Summer Rolls

A recipe from my friend Jaya, which I finally tried at my summer party this year. A big hit...

Preparation Time: 10 min
Making Time: 20-30 min
Serves: 4-5


Rice wrap - 4 sheets - Rose Spring roll wraps(from asian/chinese store)
Rice noodles - 1 block
1 Lettuce
Carrots - grated
Cucumber - grated
Basil leaves


  1. Boil rice noodles according to instructions on packet.
  2. Take hot(not boiling) water in a big dish. Take a rice wrap, soak in for a few seconds(till it is soft enough to roll) and place it on another plate. TIP: spray a little oil on this plate to avoid the wrap sticking to the plate.
  3. Place a lettuce leaf, some carrots, some cucumber and noodles towards one end of the wrap, spread horizontally in a line. Remember you need to be able to roll it. Leave some space at the ends to seal from there.
  4. Start rolling the wrap tightly.
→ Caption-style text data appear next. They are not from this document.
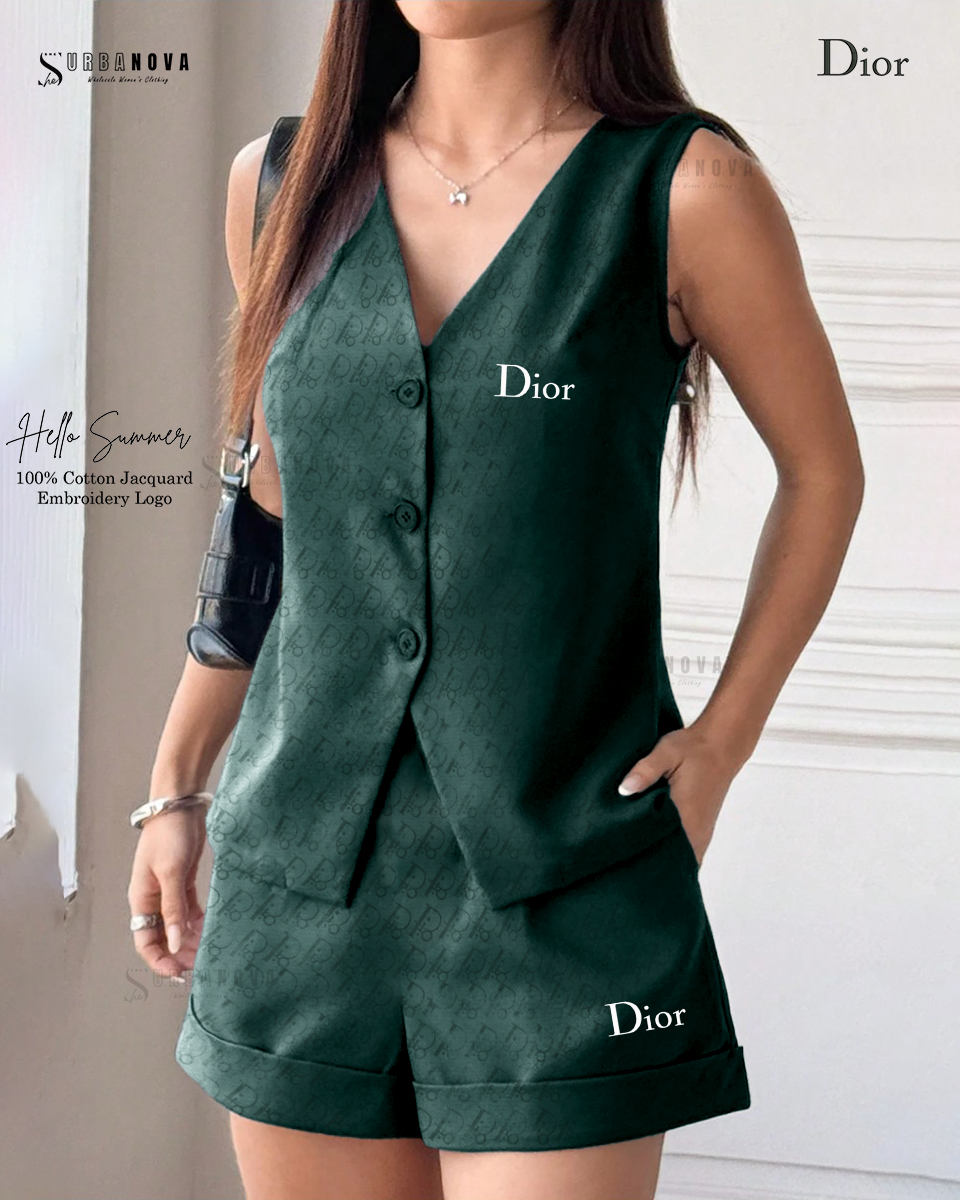Dior Women's Summer Two-Piece Set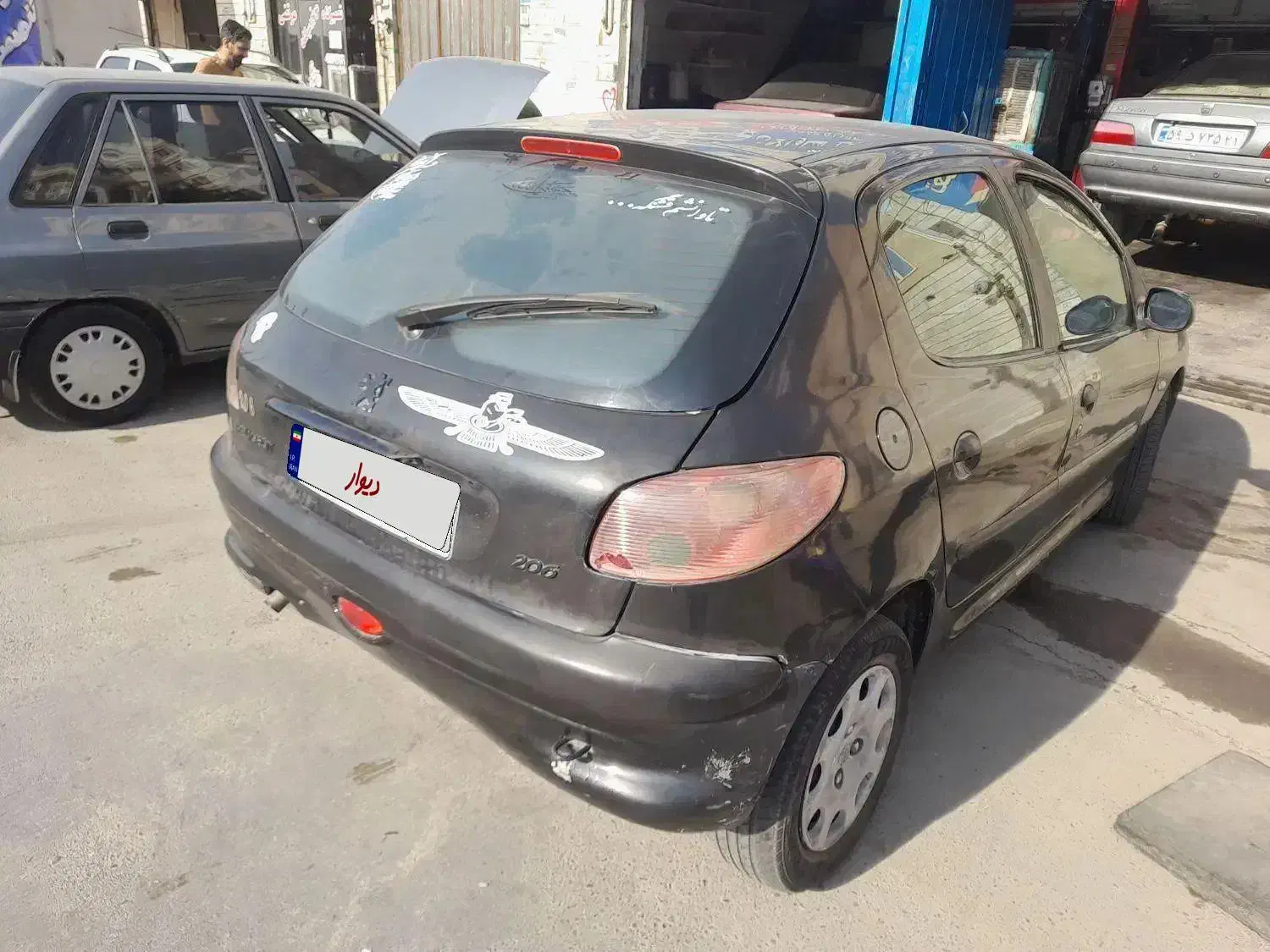 پژو ۲۰۶ تیپ3|خودرو سواری و وانت|محمدشهر, جعفرآباد|دیوار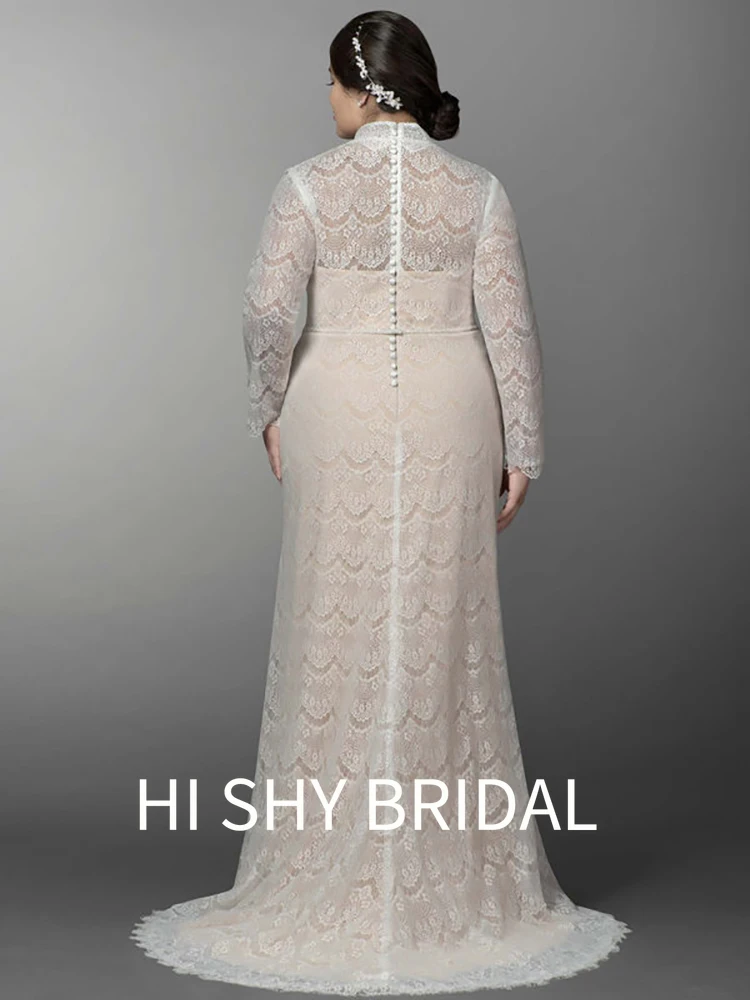 

Hi Shy Bridal 2021 New Luxury Lace Wedding Dresses Suitable for Every Bride Free Tailored Plus Size and Free Shipping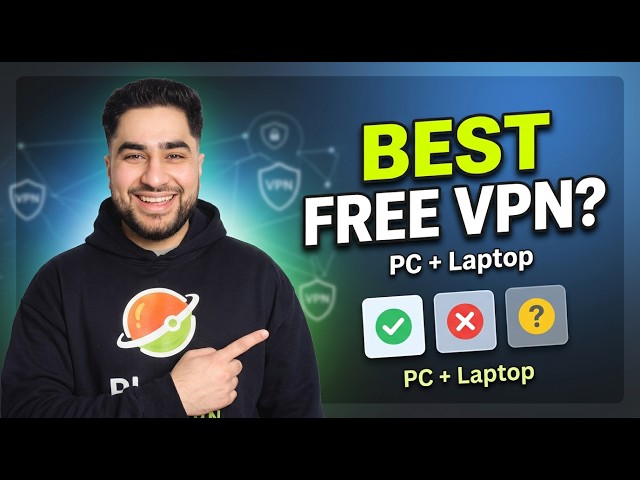 How to connect a FREE VPN on your laptop or PC | Best Free VPN Tutorial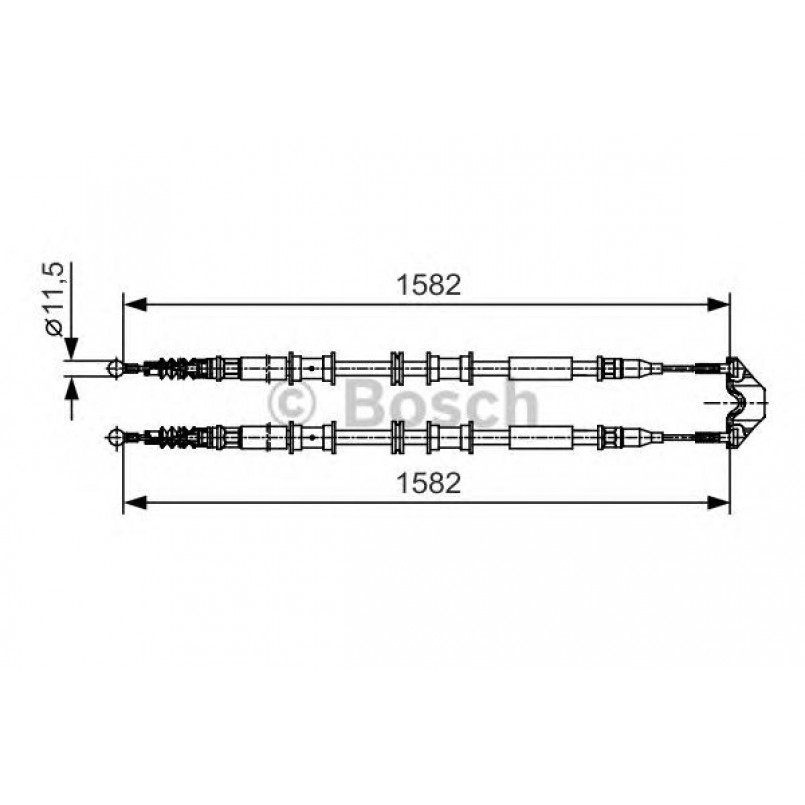 1987482138 BOSCH Трос ручного гальма — фото товара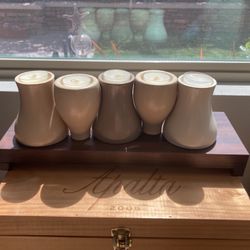 Wall Hanging Shelf With Candle Holders
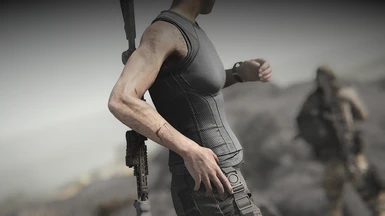 Fury's right arm texture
Seal the ends as you go.
  5. Cut the roll into 3-4 pieces using a sharp knife.
  6. Arrange the rolls stading up on a plate and serve with a sauce of your choice.

Sauce options
  1. Stir together lemon juice, oil, vinegar, mustard, soy sauce and brown sugar until the sugar dissolves; set aside.
  2. Take crunchy peanut butter and dilute it with water, vinegar two spoons, soy sauce 5 spoons or more as needed, cut green chilies into small pieces and add them too; mix and set aside.